Web page caption snippets
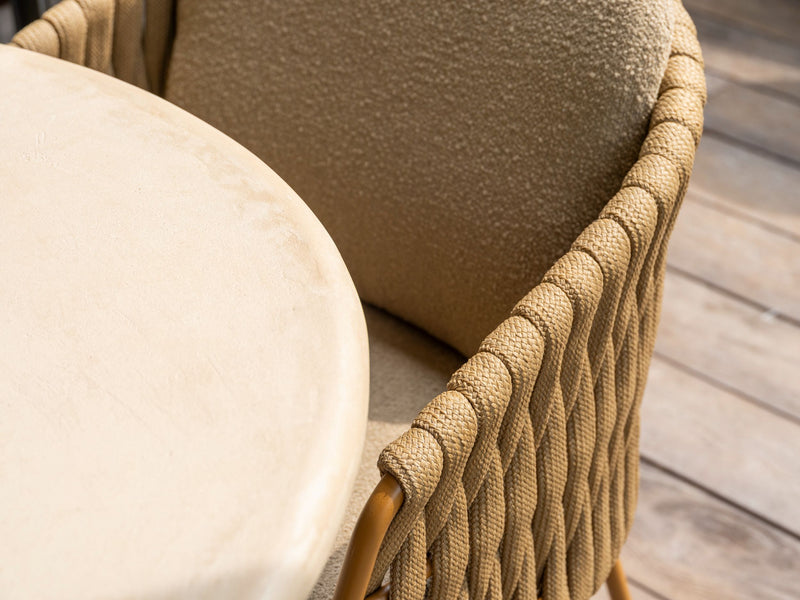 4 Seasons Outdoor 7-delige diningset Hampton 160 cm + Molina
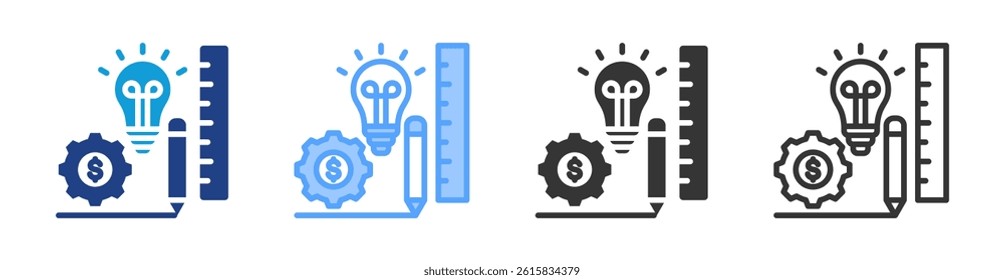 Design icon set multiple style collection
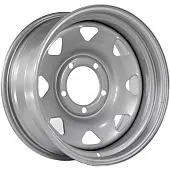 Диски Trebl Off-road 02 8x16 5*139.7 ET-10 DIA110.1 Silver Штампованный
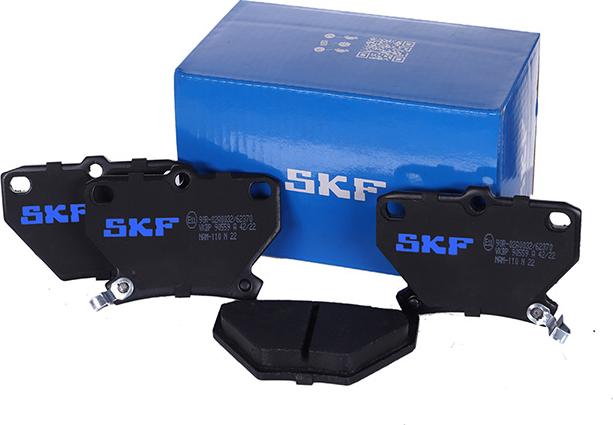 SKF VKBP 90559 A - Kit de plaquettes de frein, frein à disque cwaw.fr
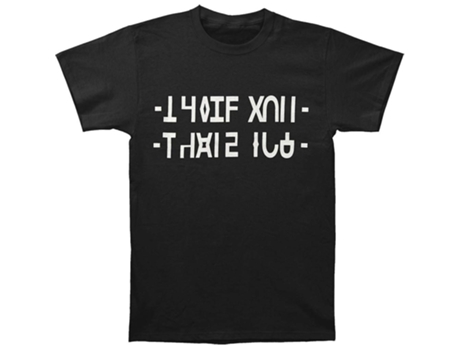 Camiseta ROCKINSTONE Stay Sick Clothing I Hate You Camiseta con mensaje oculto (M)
--
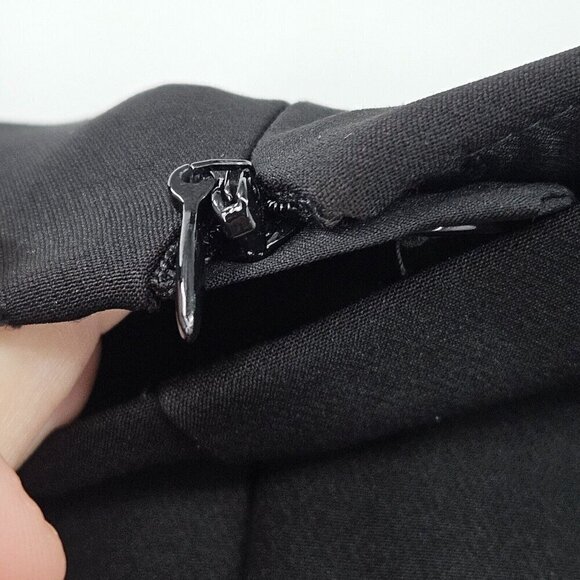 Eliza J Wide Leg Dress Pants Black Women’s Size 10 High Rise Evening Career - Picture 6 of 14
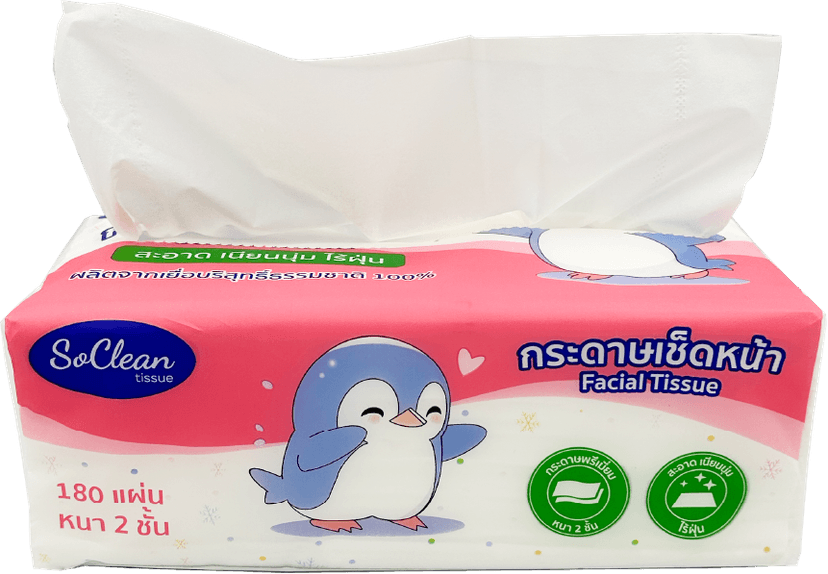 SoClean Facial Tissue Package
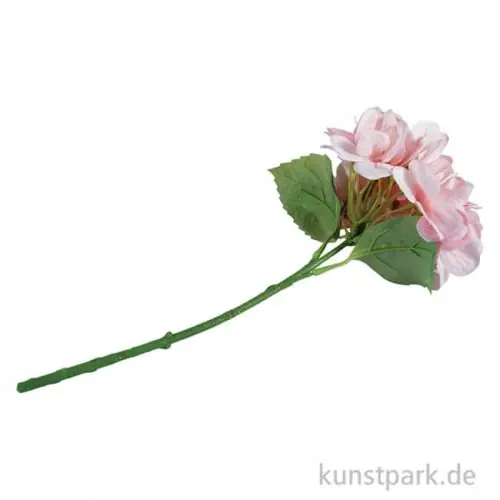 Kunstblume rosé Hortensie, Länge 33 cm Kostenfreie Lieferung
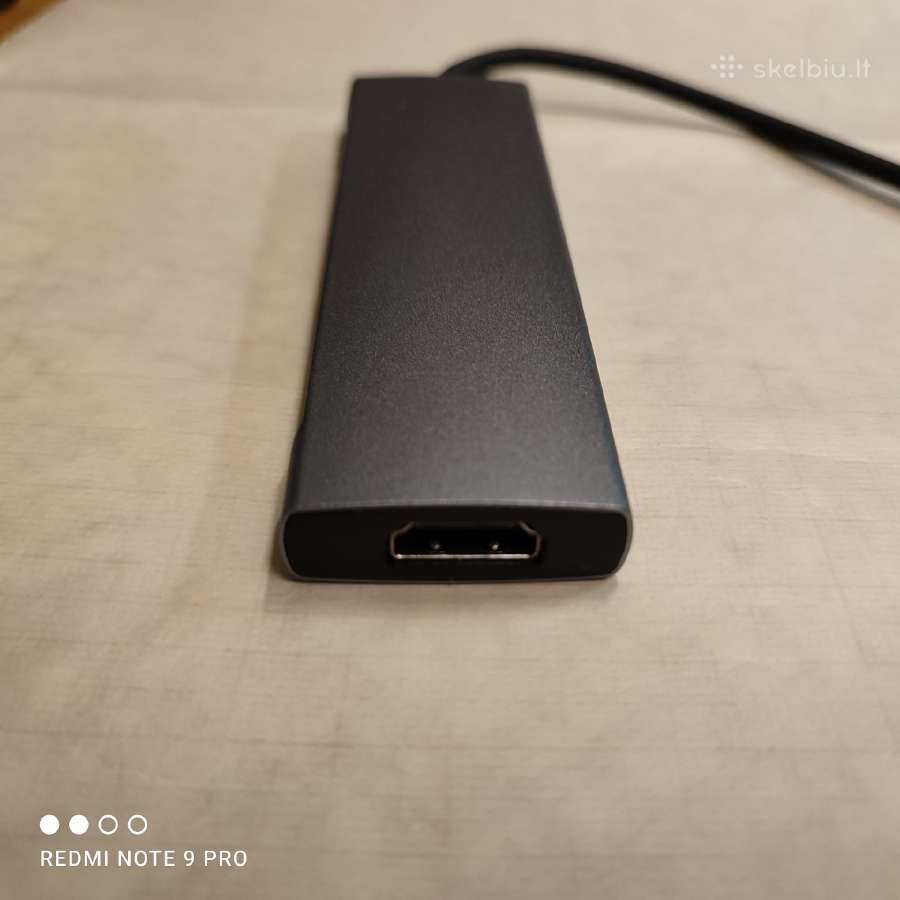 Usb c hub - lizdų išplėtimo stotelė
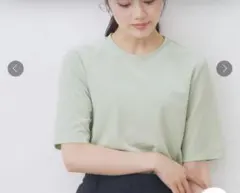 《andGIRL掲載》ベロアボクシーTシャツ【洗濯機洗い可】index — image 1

Problem description: What you return must match, character for character, the lines above from the one with "Design icon set multiple style collection" through the one with "Camiseta ROCKINSTONE Stay", minus any pictures.

Output of the exercise:
 Design icon set multiple style collection
 Диски Trebl Off-road 02 8x16 5*139.7 ET-10 DIA110.1 Silver Штампованный
 SKF VKBP 90559 A - Kit de plaquettes de frein, frein à disque cwaw.fr
 Camiseta ROCKINSTONE Stay Sick Clothing I Hate You Camiseta con mensaje oculto (M)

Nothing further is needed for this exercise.